SCRAPS: Speech Contrastive Representations of Acoustic and Phonetic Spaces

  • paper_url: http://arxiv.org/abs/2307.12445
  • repo_url: None
  • paper_authors: Ivan Vallés-Pérez, Grzegorz Beringer, Piotr Bilinski, Gary Cook, Roberto Barra-Chicote
  • for: This paper aims to learn shared representations of phonetic and acoustic spaces in the speech domain using a CLIP-based model.
  • methods: The proposed model is trained using the CLIP framework, which enables deep learning systems to learn shared latent spaces between images and text descriptions.

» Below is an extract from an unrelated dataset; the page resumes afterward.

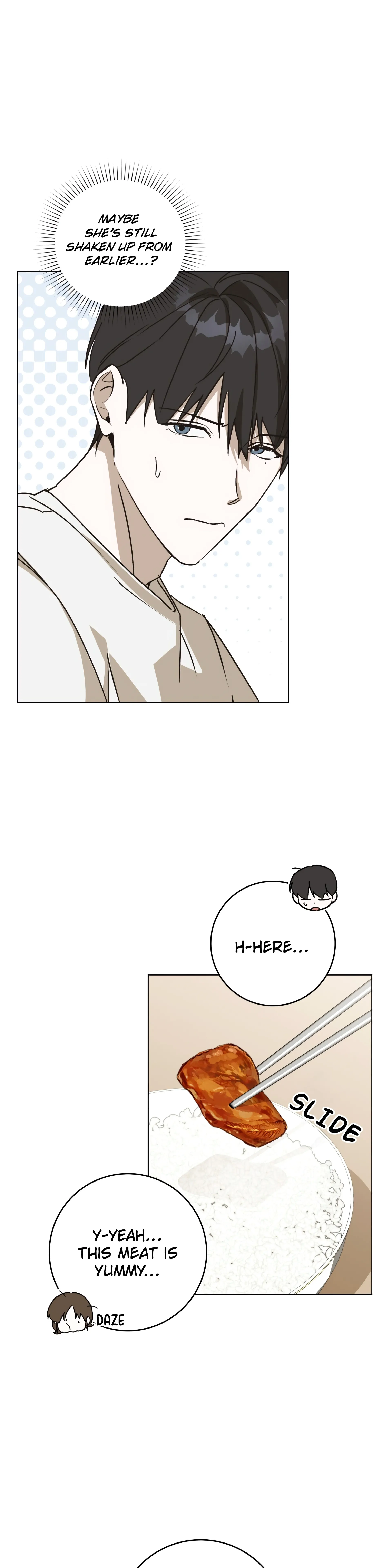 Unrequited Love Defense Chapter 3 - Page 33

  • results: The model shows sensitivity to phonetic changes and robustness against different types of noise, with a 91% score drop when replacing 20% of the phonemes at random and a 10% performance drop when mixing the audio with 75% of Gaussian noise. The resulting embeddings are also found to be useful for downstream applications such as intelligibility evaluation and speech generation.

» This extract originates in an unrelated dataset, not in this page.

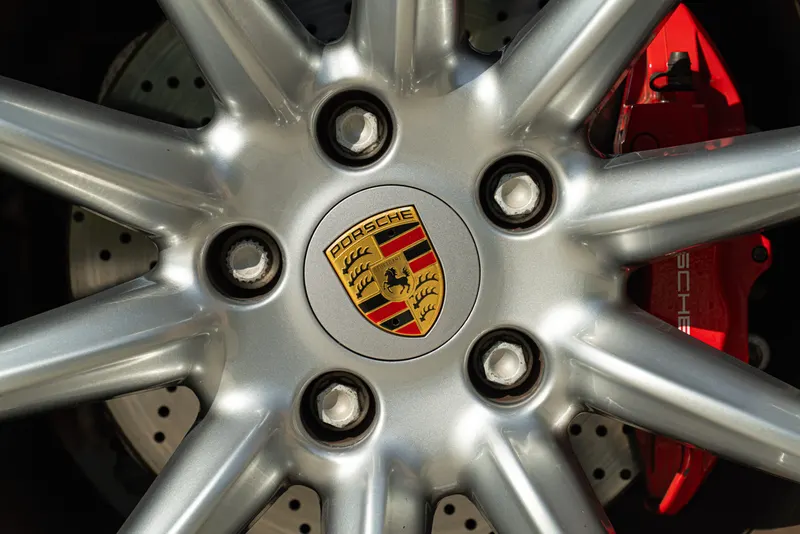 Porsche 997 (911) CARRERA 4S CABRIOLET 12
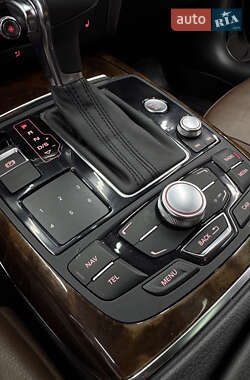 Седан Audi A6 2014 в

    Abstract Numerous examples in the literature proved that deep learning models have the ability to work well with multimodal data. Recently, CLIP has enabled deep learning systems to learn shared latent spaces between images and text descriptions, with outstanding zero- or few-shot results in downstream tasks. In this paper we explore the same idea proposed by CLIP but applied to the speech domain, where the phonetic and acoustic spaces usually coexist. We train a CLIP-based model with the aim to learn shared representations of phonetic and acoustic spaces. The results show that the proposed model is sensible to phonetic changes, with a 91% of score drops when replacing 20% of the phonemes at random, while providing substantial robustness against different kinds of noise, with a 10% performance drop when mixing the audio with 75% of Gaussian noise. We also provide empirical evidence showing that the resulting embeddings are useful for a variety of downstream applications, such as intelligibility evaluation and the ability to leverage rich pre-trained phonetic embeddings in speech generation task. Finally, we discuss potential applications with interesting implications for the speech generation and recognition fields.
    摘要 多种例子在 literatur 中证明深度学习模型可以处理多模态数据。近期,CLIP 使得深度学习系统可以学习共同的封闭空间 между图像和文本描述, obtained outstanding zero- or few-shot results in downstream tasks。在这篇文章中,我们探索了同样的想法,但是应用到语音领域, где phonetic 和 acoustic 空间通常共存。我们使用 CLIP 基于的模型, aiming to learn shared representations of phonetic and acoustic spaces。结果显示,我们的模型对 phonetic 变化敏感,对于Randomly replacing 20% of phonemes 的情况下,得分下降了 91%,而对于不同类型的噪音混合情况下,得分下降了 10%。我们还提供了实验证明, embedding 是对下游应用场景有用,如智能识别和speech generation 任务中的质量评估。最后,我们讨论了可能的应用,具有 interessing 的潜在应用于语音生成和识别领域。